O “Meia Hora” não tinha a imagem que mais combinaria com o seu tirocínio editorial, a que está na capa de “O Globo” (reprodução acima) e já corria a internet ontem: em meio ao caos nos transportes da região metropolitana do Rio, desencadeado pelo descarrilamento de um trem, o secretário estadual de Transportes ria ou gargalhava.

O gesto ofensivo aos 600 mil passageiros prejudicados trai a essência de Julio Lopes, mas ainda está longe do seu pronunciamento mais covarde desde que assumiu a pasta em 2007, no começo do governo Sérgio Cabral. Em agosto de 2011, um acidente com um bonde de Santa Tereza provocou a morte de seis pessoas e o ferimento de ao menos 57.

Quem Julio Lopes culpou então? O motorneiro do bonde. Acontece que Nelson Correa da Silva não podia se defender, pois morrera na tragédia em que o veículo tombou numa curva. Quando o freio falhou, em vez de se safar, o condutor permaneceu no posto, gritando para os passageiros pularem para fora. Morreu como herói, conforme o testemunho de numerosas vítimas.
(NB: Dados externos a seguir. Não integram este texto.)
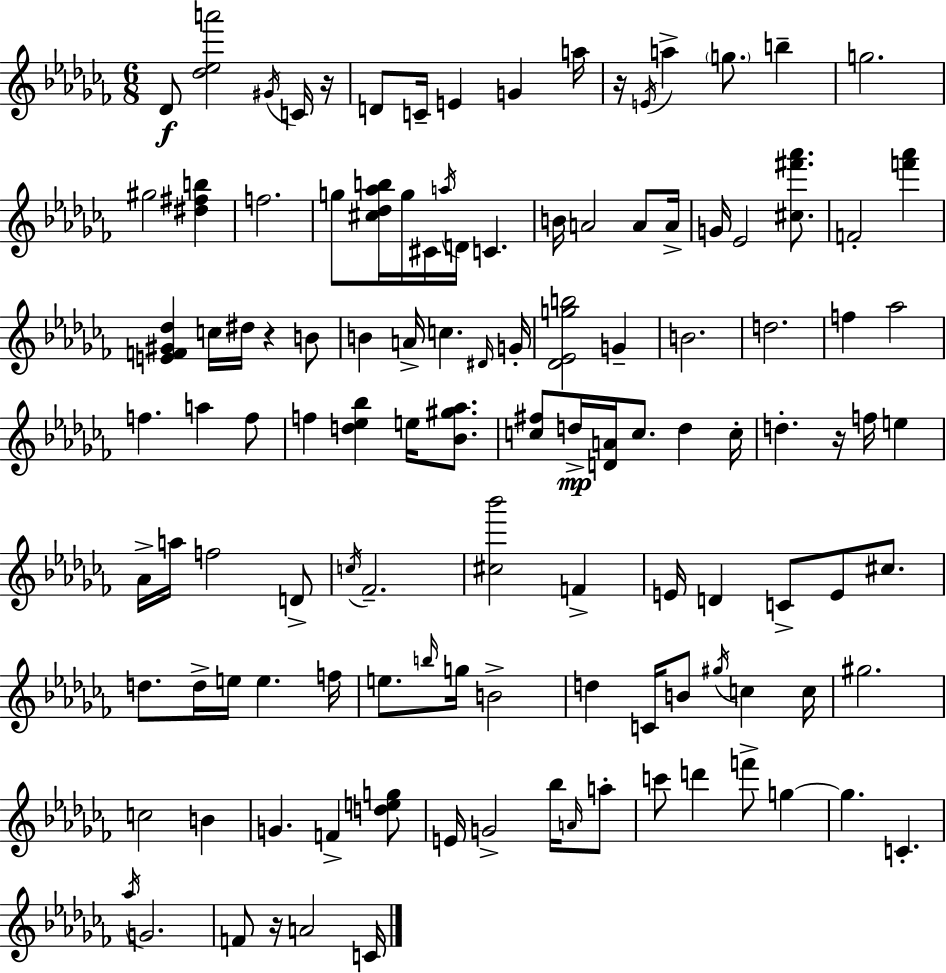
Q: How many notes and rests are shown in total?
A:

Um laudo comprovaria que o bonde tinha 23 defeitos e não poderia circular. Nove dias antes, o Estado havia deixado de pagar a empresa responsável pela manutenção, depois de o Tribunal de Contas questionar o contrato. Procurada à época, a secretaria comandada por Julio Lopes se recusou a informar qual era o problema.

Tão valente contra os mais fracos, Julio Lopes é no mínimo pusilânime com a SuperVia, concessionária que opera os trens metropolitanos. Sempre que o descaso da empresa com os usuários fica evidente, o secretário vai à luta para defender, como ele diz, a “parceira”. A tal parceira teve o contrato estendido desde que passou a ser controlada pela Odebrecht, essa grande amiga do Estado.
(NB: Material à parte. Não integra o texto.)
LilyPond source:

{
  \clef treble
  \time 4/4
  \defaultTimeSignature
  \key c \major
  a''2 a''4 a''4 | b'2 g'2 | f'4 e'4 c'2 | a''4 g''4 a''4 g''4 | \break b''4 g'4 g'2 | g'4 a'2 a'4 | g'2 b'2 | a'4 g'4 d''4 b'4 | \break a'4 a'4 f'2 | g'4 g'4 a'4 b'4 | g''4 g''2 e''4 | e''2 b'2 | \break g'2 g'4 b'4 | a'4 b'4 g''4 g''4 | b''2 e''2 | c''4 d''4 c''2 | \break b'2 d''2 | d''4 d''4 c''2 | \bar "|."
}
O comportamento da SuperVia é ilustrado pelo episódio de abril de 2009, quando agentes a seu serviço açoitaram passageiros, em cena que, exibida na TV, assombrou o Brasil. Ontem, Julio Lopes disse que não houve caos e que solução só virá em 2016. Ele assumiu, reitero, em 2007.

Quem deveria cuidar de punir a SuperVia pelo descaso aplica multas miseráveis, e mesmo assim a maioria dos valores acaba não sendo paga. Mas o que esperar da agência reguladora recheada de partidários de Sérgio Cabral? Alguns membros, indagados sobre seu know-how na área dos transportes públicos, não titubearam em reconhecer que nada entendem.
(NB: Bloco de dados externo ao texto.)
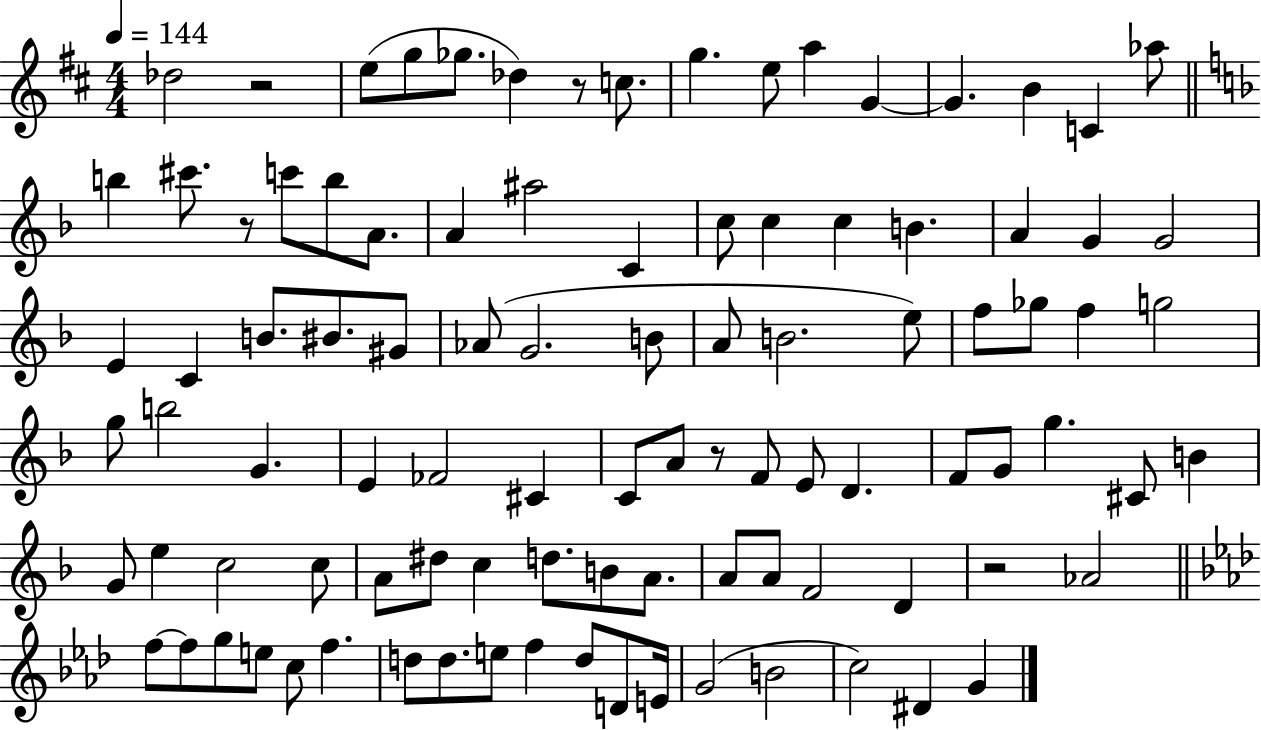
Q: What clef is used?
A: treble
E o que entende Julio Lopes? Como ele conta em seu site oficial, tem formação superior em administração de empresas e pós-graduação em administração escolar e marketing. É empresário do ramo educacional. Seus colégios costumam ter desempenho de sofrível a ridículo no Enem.

O secretário de Cabral integra o Partido Progressista (o nome é mais engraçado do que a pegadinha do “Meia Hora”). Reivindica a condição de “grande seguidor do mestre e exemplo na política brasileira”. Para quem não identificou o guru, trata-se do senador Francisco Dornelles.

Eleito deputado federal em 2002 e 2006, no ano seguinte Lopes foi trabalhar com Cabral. Reelegeu-se em 2010, mas com menos votos do que no pleito anterior.

Na época das mortes em Santa Tereza, houve protesto de centenas de moradores pedindo a cabeça de Julio Lopes. Como lembrou hoje o jornal, o secretário é feito o Fluminense, não tem jeito de cair.

Seu tapetão se chama Sérgio Cabral, governador do Rio de Janeiro.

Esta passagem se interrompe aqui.